Slow NAPLAN growth for elite schools
Image: Paper exams like NAPLAN don't allow for extension questions for high performing students. Photo: Flickr/Alberto G

By LANIE TINDALE

NAPLAN data shows lower academic growth in elite schools compared to the New South Wales state. 

Of the top 22 most expensive schools in NSW, 16 showed lower gains in NAPLAN numeracy and reading results than the state average from 2016 to 2018 among current Year 11 students. 

This cohort were in Year 7 in 2016 and Year 9 in 2018. The tuition fees at these elite schools range from $31,470 to $38,214 for Year 12 students. 

Meriden School in Strathfield, which will set parents back up to $31,470 annually, showed a 2.1% increase in NAPLAN numeracy scores from 2016 to 2018. The state average score growth is 8.7%. 

Students who were in Year 9 last year at St Luke’s Grammar School had a 3.4% growth in scores from Year 7. The state average was 8.2% score growth. Tuition for Year 12 students at St Luke’s Grammar is $32,940.

Year 7 students at elite high-cost secondary schools started off with higher NAPLAN scores than the state average in 2016. In numeracy, the scores at elite schools ranged from 582 (Scots College) to 712 (Sydney Grammar School). The NSW average score was 542. 

In reading, scores among elite schools ranged from 576 (Moriah College) to 698 (Sydney Grammar School). The NSW average score was 541. 

Despite a lower growth rate, every 2018 Year 9 cohort in the most expensive NSW schools maintained higher scores than the state average. 

Professor James Tognolini, education assessment expert, said it is harder to improve scores for students performing at the top of NAPLAN. 

“NAPLAN isn’t a precise measure at the top,” said Dr Tognolini. 

He said NAPLAN was originally designed to assess “children at risk or of a lower ability.” It doesn’t allow for extension questions assessing high-performing students. 

In 2018, 200,000 NAPLAN tests were conducted online which allowed high-performing students to complete harder questions. However, most schools still use paper and pen tests. 

Dr Tognolini said NAPLAN results are “unreliable at an individual level but in a large group of students it is a pretty good measure for how schools are going.” 

For some parents, the results are surprising.

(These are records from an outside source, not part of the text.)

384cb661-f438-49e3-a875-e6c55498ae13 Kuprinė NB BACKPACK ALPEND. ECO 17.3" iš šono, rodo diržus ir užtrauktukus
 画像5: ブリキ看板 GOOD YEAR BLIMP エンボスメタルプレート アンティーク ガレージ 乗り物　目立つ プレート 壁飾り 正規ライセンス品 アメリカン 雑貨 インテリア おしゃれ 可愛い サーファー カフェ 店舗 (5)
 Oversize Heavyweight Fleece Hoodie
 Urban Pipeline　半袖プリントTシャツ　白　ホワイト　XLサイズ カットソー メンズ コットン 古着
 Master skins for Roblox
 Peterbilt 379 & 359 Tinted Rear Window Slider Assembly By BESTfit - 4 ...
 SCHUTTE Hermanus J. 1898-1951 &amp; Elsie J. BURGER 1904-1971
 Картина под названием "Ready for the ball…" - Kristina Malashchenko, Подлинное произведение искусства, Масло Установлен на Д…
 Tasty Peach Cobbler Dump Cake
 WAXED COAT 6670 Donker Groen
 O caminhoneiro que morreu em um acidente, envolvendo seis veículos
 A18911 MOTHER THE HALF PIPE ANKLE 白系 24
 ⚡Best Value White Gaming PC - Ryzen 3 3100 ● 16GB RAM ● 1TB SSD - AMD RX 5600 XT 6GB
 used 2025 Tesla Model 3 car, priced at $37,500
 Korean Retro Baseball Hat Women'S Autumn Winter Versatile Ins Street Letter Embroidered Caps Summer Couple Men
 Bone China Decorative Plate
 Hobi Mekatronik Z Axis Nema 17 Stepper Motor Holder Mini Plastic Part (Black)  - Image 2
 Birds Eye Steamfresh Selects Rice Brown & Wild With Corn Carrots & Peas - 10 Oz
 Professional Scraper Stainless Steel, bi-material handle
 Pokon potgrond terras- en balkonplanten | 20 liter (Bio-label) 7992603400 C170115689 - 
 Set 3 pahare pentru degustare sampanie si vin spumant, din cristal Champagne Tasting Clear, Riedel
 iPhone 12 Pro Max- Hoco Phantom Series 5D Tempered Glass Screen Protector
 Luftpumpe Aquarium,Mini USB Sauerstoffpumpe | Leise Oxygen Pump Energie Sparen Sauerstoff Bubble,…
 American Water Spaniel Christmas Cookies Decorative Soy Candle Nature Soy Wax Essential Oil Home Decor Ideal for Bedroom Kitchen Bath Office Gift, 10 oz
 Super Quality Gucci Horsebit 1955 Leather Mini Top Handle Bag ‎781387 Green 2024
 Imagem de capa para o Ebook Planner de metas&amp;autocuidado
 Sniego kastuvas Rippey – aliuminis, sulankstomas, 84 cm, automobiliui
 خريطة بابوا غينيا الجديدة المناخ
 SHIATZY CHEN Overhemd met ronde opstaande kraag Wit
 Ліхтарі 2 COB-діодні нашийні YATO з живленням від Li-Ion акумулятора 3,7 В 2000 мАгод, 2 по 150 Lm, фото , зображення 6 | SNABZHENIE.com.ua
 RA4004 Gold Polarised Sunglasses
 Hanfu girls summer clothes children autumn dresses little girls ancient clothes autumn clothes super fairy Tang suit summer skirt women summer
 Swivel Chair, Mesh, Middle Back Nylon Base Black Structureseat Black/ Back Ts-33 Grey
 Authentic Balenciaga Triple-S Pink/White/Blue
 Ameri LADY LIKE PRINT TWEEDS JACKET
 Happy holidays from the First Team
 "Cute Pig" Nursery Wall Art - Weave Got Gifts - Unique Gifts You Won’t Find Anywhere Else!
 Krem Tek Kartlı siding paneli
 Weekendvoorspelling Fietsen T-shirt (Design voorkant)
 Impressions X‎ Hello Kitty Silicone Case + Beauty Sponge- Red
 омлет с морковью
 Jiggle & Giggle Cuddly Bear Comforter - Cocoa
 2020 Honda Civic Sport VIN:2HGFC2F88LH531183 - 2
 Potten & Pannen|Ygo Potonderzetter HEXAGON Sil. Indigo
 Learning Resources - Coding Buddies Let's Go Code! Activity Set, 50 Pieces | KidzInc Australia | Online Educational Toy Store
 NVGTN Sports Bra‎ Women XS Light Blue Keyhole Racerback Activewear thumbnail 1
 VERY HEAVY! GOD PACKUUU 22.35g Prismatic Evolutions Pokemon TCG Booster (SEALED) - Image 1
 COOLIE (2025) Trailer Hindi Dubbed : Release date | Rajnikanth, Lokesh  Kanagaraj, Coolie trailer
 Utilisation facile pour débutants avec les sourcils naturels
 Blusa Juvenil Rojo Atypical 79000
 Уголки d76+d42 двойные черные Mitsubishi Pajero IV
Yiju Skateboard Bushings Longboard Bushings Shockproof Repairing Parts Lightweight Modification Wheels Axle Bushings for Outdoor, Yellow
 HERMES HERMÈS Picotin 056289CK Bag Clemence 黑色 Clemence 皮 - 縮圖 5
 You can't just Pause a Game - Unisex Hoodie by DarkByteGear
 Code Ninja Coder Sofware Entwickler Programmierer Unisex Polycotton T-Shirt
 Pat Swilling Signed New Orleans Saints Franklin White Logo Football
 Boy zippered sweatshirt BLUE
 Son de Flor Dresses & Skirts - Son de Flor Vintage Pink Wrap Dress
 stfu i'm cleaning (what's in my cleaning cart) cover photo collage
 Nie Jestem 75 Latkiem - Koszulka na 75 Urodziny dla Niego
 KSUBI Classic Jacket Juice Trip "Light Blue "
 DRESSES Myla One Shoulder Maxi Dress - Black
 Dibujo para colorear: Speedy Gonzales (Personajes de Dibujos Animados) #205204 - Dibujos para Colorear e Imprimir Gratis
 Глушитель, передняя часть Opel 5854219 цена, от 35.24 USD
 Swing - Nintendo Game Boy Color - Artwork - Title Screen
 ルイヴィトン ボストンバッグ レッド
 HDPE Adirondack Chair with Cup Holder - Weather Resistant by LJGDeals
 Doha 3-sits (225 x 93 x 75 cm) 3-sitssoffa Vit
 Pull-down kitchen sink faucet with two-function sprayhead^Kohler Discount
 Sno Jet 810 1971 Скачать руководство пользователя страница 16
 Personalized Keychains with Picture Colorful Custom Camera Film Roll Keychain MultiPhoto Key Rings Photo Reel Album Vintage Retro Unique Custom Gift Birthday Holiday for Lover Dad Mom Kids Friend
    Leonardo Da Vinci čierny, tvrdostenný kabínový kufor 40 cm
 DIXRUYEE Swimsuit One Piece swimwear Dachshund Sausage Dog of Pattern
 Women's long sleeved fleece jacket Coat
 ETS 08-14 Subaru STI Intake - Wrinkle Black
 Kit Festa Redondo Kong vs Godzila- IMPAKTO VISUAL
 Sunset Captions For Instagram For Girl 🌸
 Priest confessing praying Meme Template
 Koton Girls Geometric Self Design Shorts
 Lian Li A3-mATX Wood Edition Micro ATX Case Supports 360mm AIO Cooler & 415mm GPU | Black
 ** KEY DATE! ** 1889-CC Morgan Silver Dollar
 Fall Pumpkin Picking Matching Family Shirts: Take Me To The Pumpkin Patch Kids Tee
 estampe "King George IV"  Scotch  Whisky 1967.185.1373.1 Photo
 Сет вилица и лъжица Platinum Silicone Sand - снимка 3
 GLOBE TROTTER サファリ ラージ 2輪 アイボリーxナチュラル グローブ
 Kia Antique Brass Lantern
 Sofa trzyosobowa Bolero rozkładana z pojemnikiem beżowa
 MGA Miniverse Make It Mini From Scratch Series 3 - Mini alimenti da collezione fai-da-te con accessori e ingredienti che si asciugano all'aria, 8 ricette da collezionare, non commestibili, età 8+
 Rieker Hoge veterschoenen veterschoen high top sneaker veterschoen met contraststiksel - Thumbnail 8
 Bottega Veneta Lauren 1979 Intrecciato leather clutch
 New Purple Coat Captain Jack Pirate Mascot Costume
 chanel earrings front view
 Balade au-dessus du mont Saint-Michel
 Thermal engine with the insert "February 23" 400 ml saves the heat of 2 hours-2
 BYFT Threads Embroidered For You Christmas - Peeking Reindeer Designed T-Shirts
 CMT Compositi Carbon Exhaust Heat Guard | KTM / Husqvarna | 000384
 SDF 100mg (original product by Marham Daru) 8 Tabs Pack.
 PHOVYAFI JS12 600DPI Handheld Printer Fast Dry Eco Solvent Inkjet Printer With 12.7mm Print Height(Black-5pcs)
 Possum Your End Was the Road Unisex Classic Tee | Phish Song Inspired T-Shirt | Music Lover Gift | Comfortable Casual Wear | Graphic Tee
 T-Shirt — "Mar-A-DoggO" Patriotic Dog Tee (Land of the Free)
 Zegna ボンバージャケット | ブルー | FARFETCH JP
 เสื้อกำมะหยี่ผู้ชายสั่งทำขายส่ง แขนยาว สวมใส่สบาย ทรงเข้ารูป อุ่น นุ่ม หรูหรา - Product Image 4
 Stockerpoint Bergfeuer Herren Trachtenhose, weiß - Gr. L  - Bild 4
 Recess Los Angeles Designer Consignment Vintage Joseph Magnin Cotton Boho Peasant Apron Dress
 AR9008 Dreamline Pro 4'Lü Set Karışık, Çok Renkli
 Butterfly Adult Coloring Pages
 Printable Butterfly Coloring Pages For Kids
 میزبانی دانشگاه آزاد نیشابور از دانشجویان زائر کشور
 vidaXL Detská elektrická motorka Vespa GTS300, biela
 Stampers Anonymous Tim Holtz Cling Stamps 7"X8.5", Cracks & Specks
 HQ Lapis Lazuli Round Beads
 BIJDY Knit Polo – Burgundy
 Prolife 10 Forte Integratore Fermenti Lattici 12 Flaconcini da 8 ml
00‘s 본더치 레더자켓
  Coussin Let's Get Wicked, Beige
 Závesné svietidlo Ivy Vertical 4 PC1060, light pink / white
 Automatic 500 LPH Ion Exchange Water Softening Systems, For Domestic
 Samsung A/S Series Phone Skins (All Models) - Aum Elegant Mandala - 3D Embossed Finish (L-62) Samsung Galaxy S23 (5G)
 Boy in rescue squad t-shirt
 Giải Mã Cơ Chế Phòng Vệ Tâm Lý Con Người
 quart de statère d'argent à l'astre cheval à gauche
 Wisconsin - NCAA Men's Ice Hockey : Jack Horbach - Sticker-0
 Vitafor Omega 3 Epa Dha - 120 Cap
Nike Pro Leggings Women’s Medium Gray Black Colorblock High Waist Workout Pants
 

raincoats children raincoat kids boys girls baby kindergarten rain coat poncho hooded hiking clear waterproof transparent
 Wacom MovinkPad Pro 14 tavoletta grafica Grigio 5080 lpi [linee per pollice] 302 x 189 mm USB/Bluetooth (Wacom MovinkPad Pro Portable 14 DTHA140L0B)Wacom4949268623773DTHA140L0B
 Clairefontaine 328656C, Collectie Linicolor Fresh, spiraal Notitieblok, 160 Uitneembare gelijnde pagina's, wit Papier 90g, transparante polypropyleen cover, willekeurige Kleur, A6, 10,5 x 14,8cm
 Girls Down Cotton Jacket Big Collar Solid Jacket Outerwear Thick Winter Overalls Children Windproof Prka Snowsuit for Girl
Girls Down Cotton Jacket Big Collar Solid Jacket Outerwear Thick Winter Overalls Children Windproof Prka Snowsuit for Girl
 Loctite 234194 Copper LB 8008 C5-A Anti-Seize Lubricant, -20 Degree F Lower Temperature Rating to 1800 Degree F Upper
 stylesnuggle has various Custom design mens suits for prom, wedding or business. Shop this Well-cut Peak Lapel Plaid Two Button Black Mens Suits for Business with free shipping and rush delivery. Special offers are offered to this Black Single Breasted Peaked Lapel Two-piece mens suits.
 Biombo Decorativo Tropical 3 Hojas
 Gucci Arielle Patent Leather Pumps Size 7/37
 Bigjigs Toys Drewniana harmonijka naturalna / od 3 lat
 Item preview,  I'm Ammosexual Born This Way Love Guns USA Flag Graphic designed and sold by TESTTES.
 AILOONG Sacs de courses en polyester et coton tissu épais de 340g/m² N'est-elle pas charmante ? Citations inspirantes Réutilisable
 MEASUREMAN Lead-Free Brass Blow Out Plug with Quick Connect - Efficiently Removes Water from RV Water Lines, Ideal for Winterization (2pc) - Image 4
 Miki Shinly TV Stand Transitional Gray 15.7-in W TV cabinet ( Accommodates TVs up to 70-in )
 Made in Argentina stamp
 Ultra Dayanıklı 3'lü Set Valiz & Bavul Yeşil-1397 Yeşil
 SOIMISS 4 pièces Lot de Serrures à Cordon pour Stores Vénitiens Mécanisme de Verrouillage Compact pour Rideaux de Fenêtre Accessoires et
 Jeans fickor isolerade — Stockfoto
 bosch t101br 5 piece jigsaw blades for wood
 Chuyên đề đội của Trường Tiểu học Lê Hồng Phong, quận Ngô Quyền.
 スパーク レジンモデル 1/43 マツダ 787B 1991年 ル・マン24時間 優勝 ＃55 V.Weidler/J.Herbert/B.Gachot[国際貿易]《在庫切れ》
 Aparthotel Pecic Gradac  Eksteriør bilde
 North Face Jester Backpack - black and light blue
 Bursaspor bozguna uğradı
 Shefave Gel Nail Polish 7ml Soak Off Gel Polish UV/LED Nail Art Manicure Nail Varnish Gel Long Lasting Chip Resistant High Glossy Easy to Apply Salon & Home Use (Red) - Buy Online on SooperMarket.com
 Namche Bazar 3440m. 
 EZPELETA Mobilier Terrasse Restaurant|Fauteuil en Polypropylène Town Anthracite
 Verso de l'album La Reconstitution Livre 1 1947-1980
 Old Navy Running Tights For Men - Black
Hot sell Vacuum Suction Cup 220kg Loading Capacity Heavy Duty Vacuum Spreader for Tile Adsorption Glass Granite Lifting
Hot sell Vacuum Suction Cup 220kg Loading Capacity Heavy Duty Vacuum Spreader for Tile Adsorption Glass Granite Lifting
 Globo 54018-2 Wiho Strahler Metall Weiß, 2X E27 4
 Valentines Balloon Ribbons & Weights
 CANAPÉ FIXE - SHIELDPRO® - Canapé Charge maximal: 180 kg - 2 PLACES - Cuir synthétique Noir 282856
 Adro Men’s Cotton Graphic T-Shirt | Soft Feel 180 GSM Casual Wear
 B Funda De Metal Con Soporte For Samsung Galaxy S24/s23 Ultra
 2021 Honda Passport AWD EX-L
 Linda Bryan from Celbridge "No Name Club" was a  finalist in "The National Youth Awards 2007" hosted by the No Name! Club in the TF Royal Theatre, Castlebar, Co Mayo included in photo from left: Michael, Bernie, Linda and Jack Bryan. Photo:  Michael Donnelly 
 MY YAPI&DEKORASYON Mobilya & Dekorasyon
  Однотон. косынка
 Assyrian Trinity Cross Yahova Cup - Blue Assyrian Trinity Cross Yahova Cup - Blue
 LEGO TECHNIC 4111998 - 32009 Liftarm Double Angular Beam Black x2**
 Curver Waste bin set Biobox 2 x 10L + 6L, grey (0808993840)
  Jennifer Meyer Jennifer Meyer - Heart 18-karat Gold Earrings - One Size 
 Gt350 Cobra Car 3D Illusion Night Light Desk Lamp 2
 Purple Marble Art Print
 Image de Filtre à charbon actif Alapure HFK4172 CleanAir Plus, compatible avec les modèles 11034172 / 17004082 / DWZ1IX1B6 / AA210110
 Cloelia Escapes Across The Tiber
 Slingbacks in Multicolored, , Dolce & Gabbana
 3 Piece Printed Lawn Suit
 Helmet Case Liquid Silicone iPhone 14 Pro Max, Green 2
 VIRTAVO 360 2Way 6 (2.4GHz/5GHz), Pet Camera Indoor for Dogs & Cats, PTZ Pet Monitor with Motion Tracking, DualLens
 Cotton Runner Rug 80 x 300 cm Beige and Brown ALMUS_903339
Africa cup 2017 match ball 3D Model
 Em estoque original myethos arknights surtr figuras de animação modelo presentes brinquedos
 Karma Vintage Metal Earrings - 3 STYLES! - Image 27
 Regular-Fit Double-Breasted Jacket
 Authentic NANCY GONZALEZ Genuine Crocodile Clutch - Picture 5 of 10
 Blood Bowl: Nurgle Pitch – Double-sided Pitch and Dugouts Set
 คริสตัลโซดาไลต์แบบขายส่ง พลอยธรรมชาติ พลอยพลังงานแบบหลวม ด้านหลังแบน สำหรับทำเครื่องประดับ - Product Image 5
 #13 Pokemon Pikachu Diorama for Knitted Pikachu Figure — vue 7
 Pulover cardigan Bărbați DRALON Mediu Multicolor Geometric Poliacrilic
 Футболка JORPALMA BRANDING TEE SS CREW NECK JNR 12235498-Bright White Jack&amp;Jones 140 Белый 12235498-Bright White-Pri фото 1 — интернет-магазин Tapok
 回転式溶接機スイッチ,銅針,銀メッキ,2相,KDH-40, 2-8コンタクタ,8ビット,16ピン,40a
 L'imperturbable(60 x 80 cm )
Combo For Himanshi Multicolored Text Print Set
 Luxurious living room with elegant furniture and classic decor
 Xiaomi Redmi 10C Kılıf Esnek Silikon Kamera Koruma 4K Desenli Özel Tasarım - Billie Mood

Lawyer Kate Peterson is considering what secondary school to send her daughter, who is nearly one year old. She is considering co-educational private schools such as SCEGGS if her child doesn’t get into a selective state school. 

When shown the NAPLAN data, Ms Peterson said: “Some of those particular schools I was quite surprised they were a lot below those average lines so that definitely impacted my thinking.”

Ms Peterson, who said she was happy with her own public-school education, believes some of high NAPLAN scores resulted from enrolment selection “and the management of the students excluding people.”

“But I do think that there is a high achieving sort of culture which would support academic achievement,” Ms Peterson said.

Business development manager Sara Ghaly said she had put her 1 and 3-year-old daughters down for Loreto Kirribili, Meriden School and St Andrews Cathedral School for high school in the expectation the schools would improve their academic results. “Our local public high school does not perform so well, and this is our expectation that it will improve our children’s academic results,” Ms Ghaly said.

Other parents said their choice to send children to elite private schools wasn’t about academic achievement. 

Krish Na, who has a Year 1 child at a local public school, considers an elite private secondary school a preferable alternative to a selective state school. He said he doesn’t think there is an academic advantage at private schools. “I think there’s an advantage when it comes to sports, or arts or soft skills,” he said. “[T]he alumni networks I think provide good stepping stones in the future.”

Nicole Graham sends three of her children to three different elite private schools. She says the academic results of schools didn’t matter in her decisions. 

“I would prioritise culture because I think if you get the culture right then the academics will follow.”

Ms Graham said she was more concerned about the moral education of her children than their academic results. 

She expressed concern that for boys, “the more fees you pay, the more likely you’re going to get a boy that’s an entitled arsehole.”

However, she said that private schools offer more opportunities. “It’s the extra curriculars, not just sport but more around music and language that a lot of the state schools don’t offer and if they do offer them than it’s like a token offer.”

Dr Tongolini advises parents to ignore NAPLAN scores when choosing a school for their child. “Select schools that fit your child. Scores in NAPLAN could be misleading.”